My imaginary friends

Alert readers will recall that I have said that I never had an imaginary friend as a child. I never went through that phase. I was always a strangely literal and self-possessed child who never thought of his stuffed animals as real animals because… they weren’t.

We had a lot of cats. Those were real animals. And they purred and rubbed up against my leg and played with me. What stuffed animal could compare?

Which leads me to what I am pleased to call my point : I did have imaginary friends of a subtler sort than the usual kind depicted in media.

And the cats were part of that. They were my friends because they were companions whom I loved and cherished and who kept me from feeling too lonely. Even when nobody else was paying attention to me, I could always go find a cat and pet it and it would purr and it would love me.

No wonder I am such a cat person.

Mental note : any place I move to has to allow pets, because I am getting me a cat, god dammit. I want my own cat to cherish and look after and pet and cuddle and LOVE.

And I am quite sure I can be a good cat owner. Cats’ needs are simple, after all. They take care of themselves, more or less. Keep the litter box empty and the food and water dishes full and you are good to go,.

Plus, I speak cat, so to speak. I get cats. Growing up surrounded by them and spending so much time with them gave me a lot of time to wonder what was going on in their fuzzy little heads and observe them and their ways.

Plus I know the family secret of how to raise loving, affectionate, wonderful cats : never hold them against their will. Never grab them, especially not suddenly. When they want down, let them down. Let them do their own thing.

Follow those rules religiously and I guarantee you will raise a happy, secure, cuddly cat who is very people friendly.

Where was I? Oh right, imaginary friends.

Now obviously, the cats were not imaginary. They were real cats. I’m crazy but I am not psychotic. I have witnesses.

So they were only imaginary friends in the sense that they were a non-human substitute for having real friends.

Another type of imaginary friend I had was the characters on the shows I liked. As you know, I was largely raised by television (and cats), and the shows I gravitated towards were the ones that gave me a warm feeling of inclusion.

Hence my love of sitcoms. Any decent sitcom has warm, lovable characters who spend a lot of time together and form a family of sorts – either literally or by association.

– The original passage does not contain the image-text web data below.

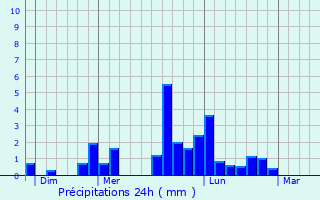 Graphique des précipitations prvues pour Bournezeau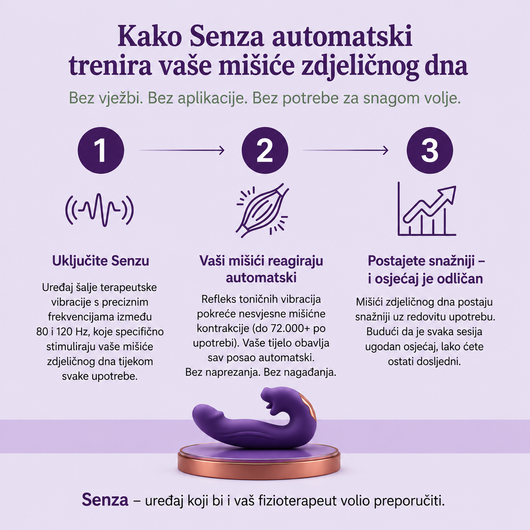 Senza™ 4-u-1 aktivator zdjelice
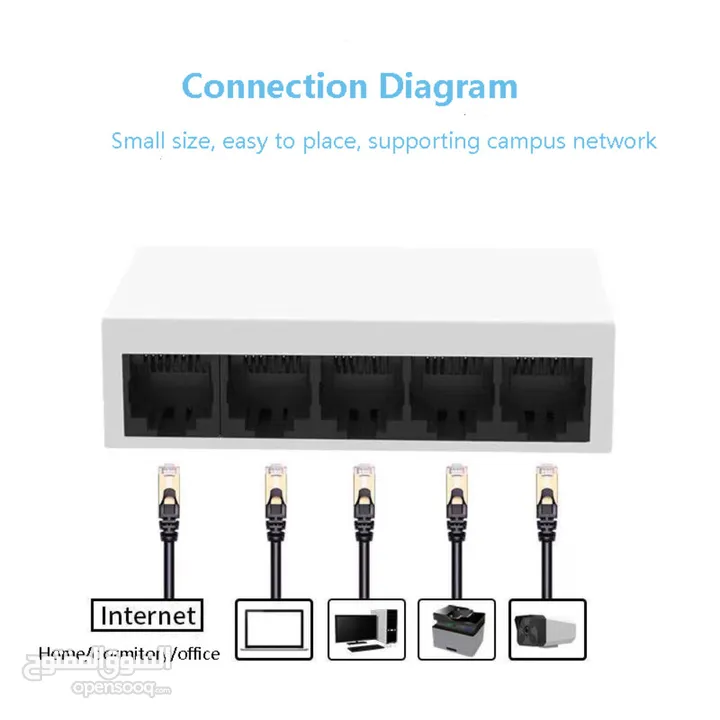 راوتر للإنترنت بمنفذ RJ45 سعة 5 منافذ 10/100/ميجابت في الثانية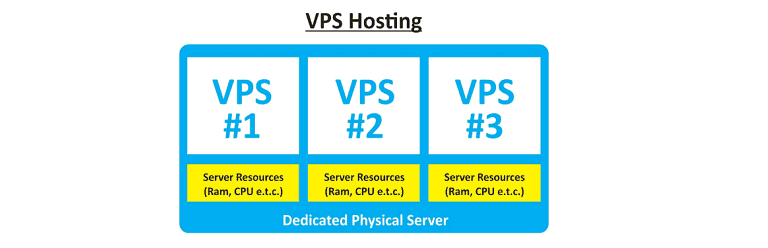 how vps hosting works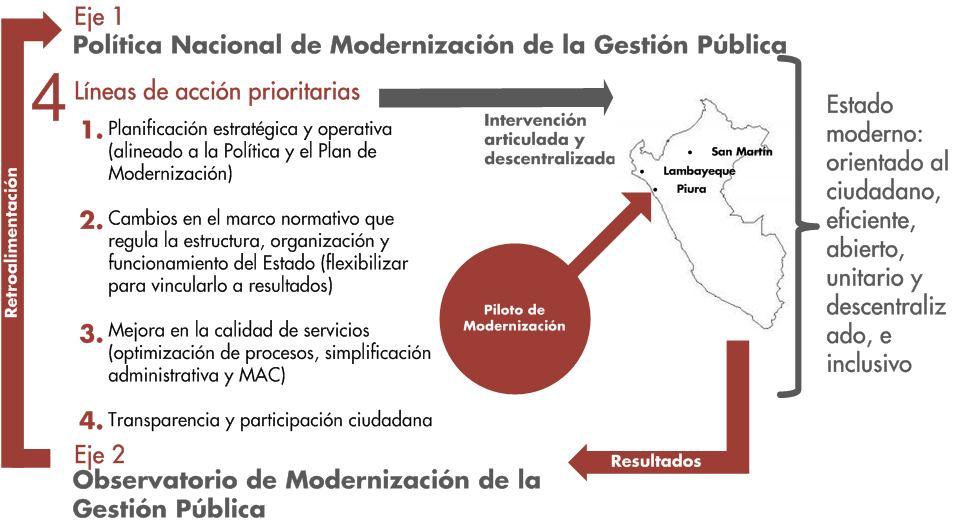 Estrategia Nacional de Modernización de la Gestión Pública Para lograr esa nueva visión de Estado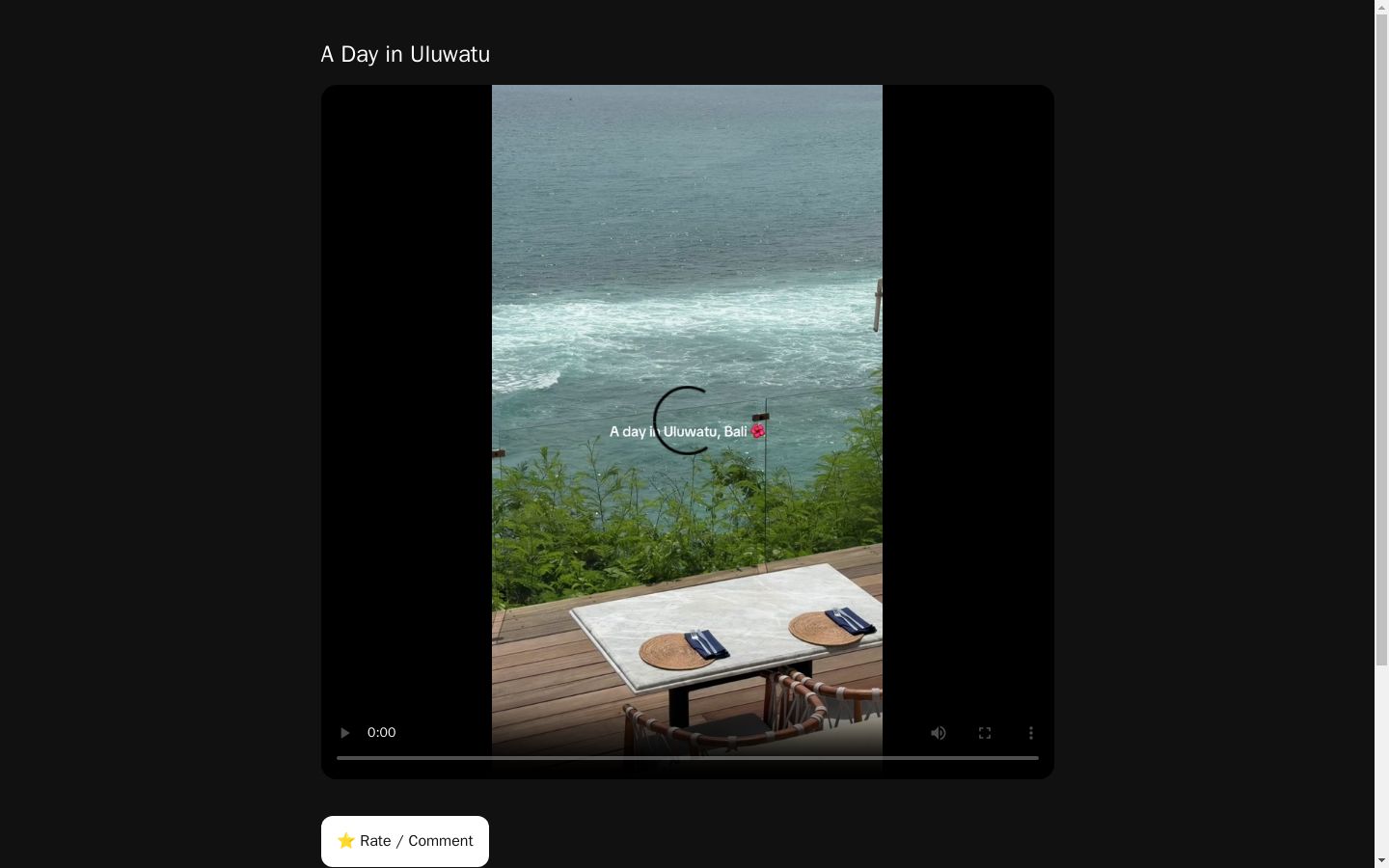 A Day in Uluwatu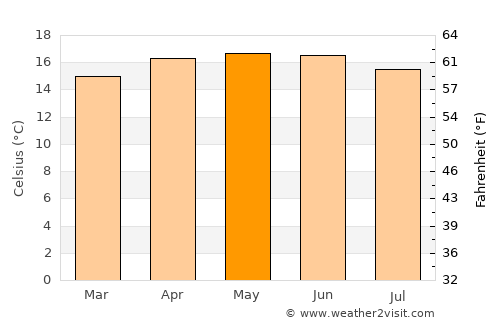 Zempoala average temperature in May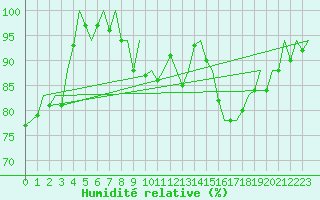 Courbe de l'humidit relative pour Bilbao (Esp)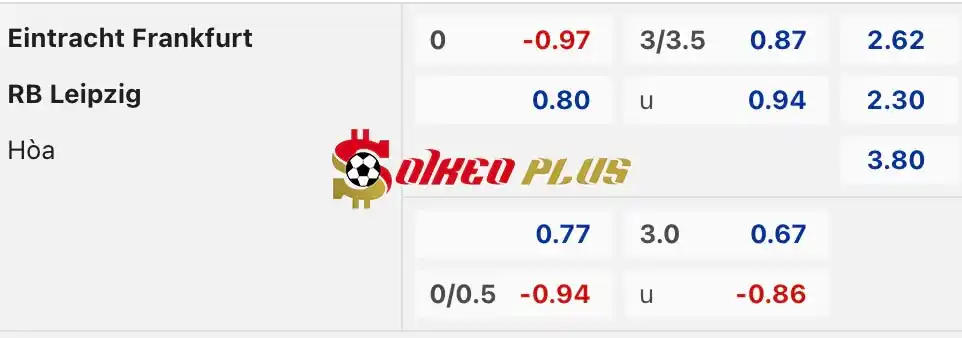 Soi Kèo Dự Đoán: Frankfurt vs RB Leipzig, 20h30 ngày 18/05/2024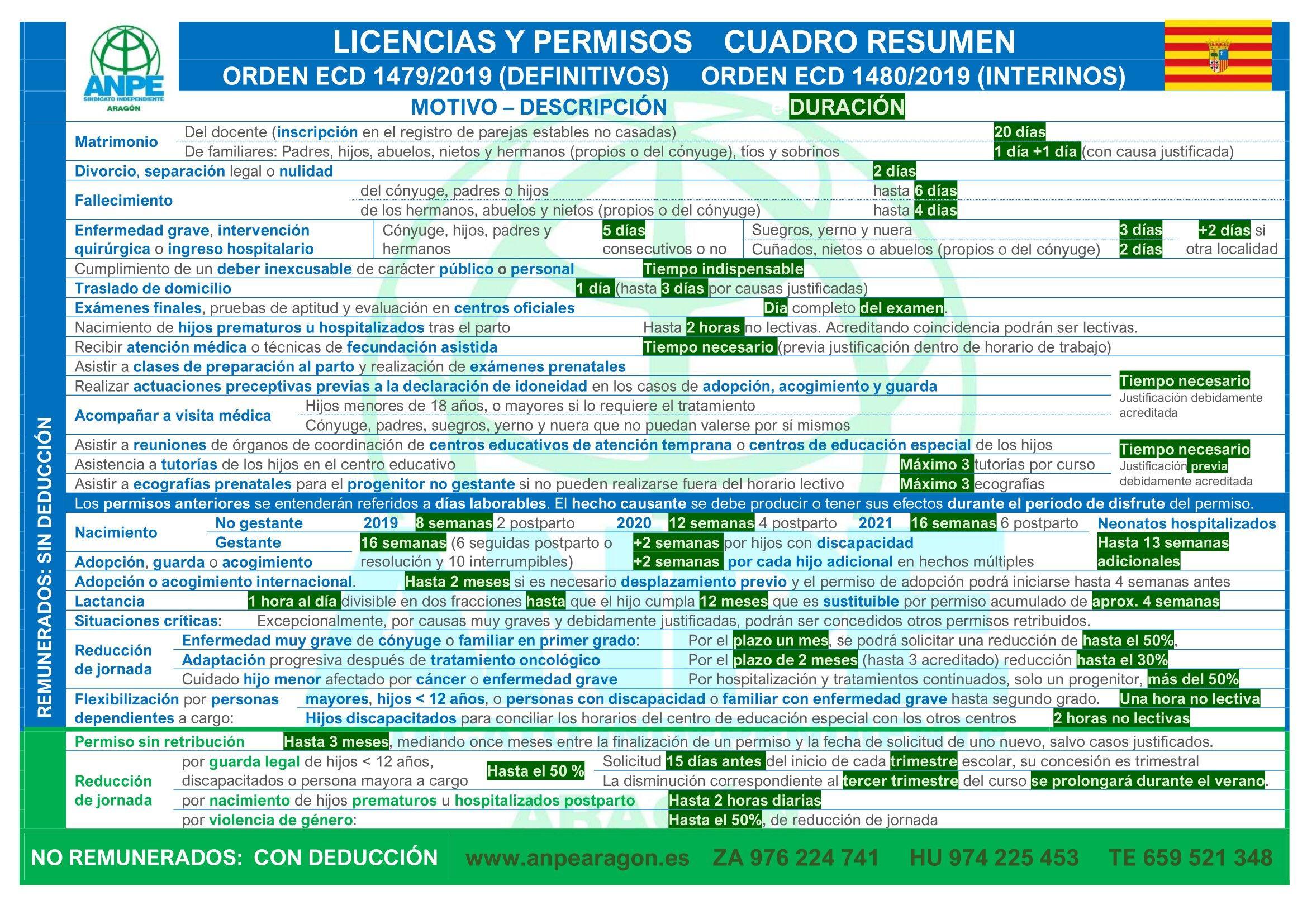 Los permisos laborales y medidas de conciliación que puedes pedir en 2024  al detalle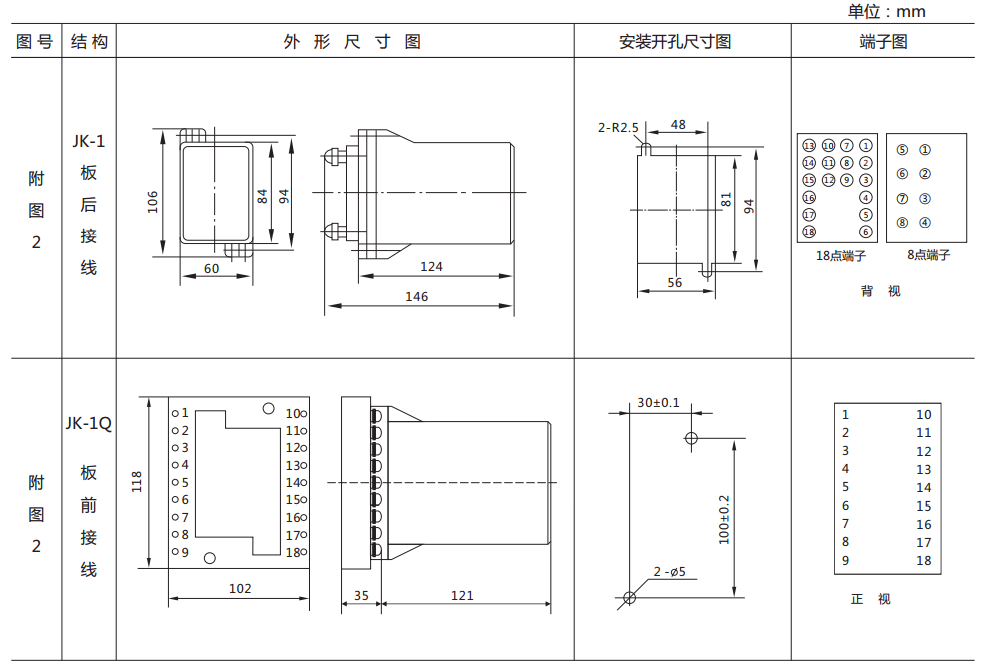 DZ-700中間繼電器外形及開(kāi)孔尺寸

So whether it was the Huxtables, the cops on Barney Miller, the gang at Cheers, the courtroom of Judge Harold T. Stone from Night Court, or the Keatons from Family Ties, these fictional people and their fictional “families” became extensions of my own family and when I spent time with them, I didn’t feel so alone.

No wonder I want to write for TV. It’s the closest I can get to moving into the TV screen and living with the “family” that doesn’t make me feel like I don’t belong.

Where everybody is witty and funny and everything always works out okay and everyone gets along with one another, even when they fight, and there is a real warmth to their relationship, the kind of emotional warmth I so desperately crave.

It’s so cold in here, I need all the warmth I can get. IT might seem strange to people who know me but don’t know me that well that I might talk about arctic freezeburn of the soul when to them, I seem like such a warm and cuddly guy.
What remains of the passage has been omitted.